In contrast, many of our European neighbours enjoy a more equal balance of power between landlord and tenant.
This balance often brings with it indefinite tenancies and caps on rent increases, and gives tenants the necessary powers to ensure their homes are properly maintained.
There has been a renewed and concerted effort to replicate that balance here in the UK. Earlier this month, Karen Buck MP’s private member’s bill, which sought to make it illegal for landlords to let out any property that is not fit for human inhabitation, was debated in the House of Commons.
Sadly it was talked out by a Tory MP, who is also a private landlord, before it could be voted on.
It is extraordinary that legislation of this kind does not already exist, and equally disturbing that some landlords remain unashamedly willing to rent a property in such a dire state, most often at the expense of vulnerable people.
Though most landlords do the right thing and ensure their tenants are housed well, it is the behaviour of their disreputable colleagues which has resulted in this refocus on improved protection and regulation.
A shift in the status quo will be met with alarm from some politicians and landlords, and the usual cries about Venezuelan-style rent control will, as always, be used to whip up fear of change.
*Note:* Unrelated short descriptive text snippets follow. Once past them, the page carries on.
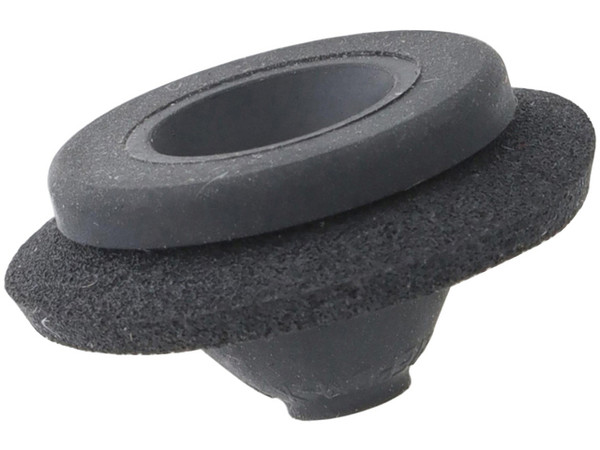 Grommet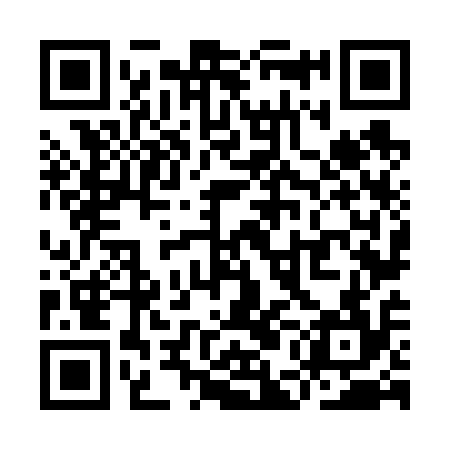 QR code for YEN614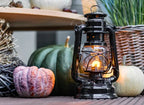 Feuerhand Hurricane Lantern Baby Special 276 - Various Colours
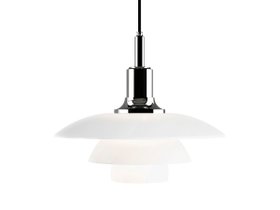 【ルイスポールセン/Louis Poulsen / GOODS】のPH 3 1/2-3 Glass Pendant / PH 3 1/2-3 グラスペンダント 人気、トレンドファッション・服の通販 founy(ファニー) ガラス Glass, Glassware グラス Glass, Eyewear ハンド Hand, Handmade 送料無料 Free Shipping ホーム・キャンプ・アウトドア・お取り寄せ Home Living / Home & Lifestyle / Camping Gear / Outdoor Camping 家具・インテリア Home Furniture & Interior. Stylish & Functional Living Spaces ライト・照明 Lamps & Lighting Fixtures ペンダントライト・吊り下げ照明 Pendant Light / Hanging Light Fixture |ID:prp329100004940567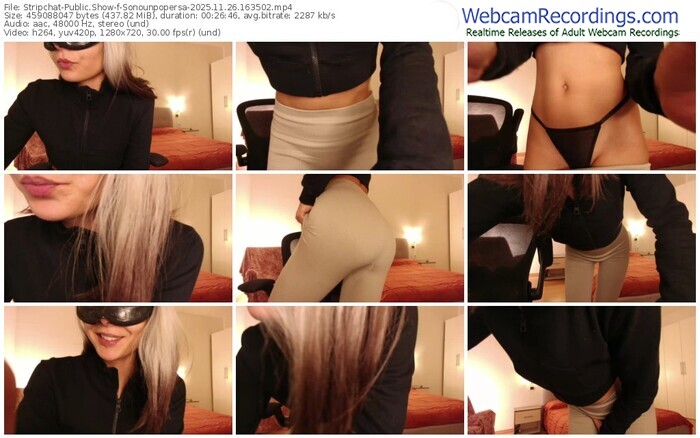 stripchat-sonounpopersa-11-26-2025-16-35-02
But this latest report suggests the panicked rhetoric may well be unfounded.
The report takes the forecasted growth in London’s PRS over the next ten years and examines the potential impact of six individual rent regulation models. Under all but the hardest model, the research predicts that the PRS would still grow between 35 per cent and 49 per cent during that period, in line with expectations that the sector in its current form will grow by 49 per cent.
We will, of course, continue to hear the scare stories from landlord associations about the horrors of a regulated sector. This research should calm the nerves of those who fear that rent control may have too many unintended consequences.
Those who continue to be plagued by doubts about the feasibility of this approach need only look so far as Germany, whose private rented sector is significantly bigger than our own while being subjected to comprehensive regulation.
Rent control is not a panacea, and ultimately we need a huge increase in house building. But for too long British governments have shied away from offering private tenants real protection against unfair rent rises, insecure tenancies and the threat of eviction without reason.
When you consider that almost a third of Londoners now rent privately, including a growing number of families with children, the current system of six-month to one-year tenancies as standard is neither suitable nor fair.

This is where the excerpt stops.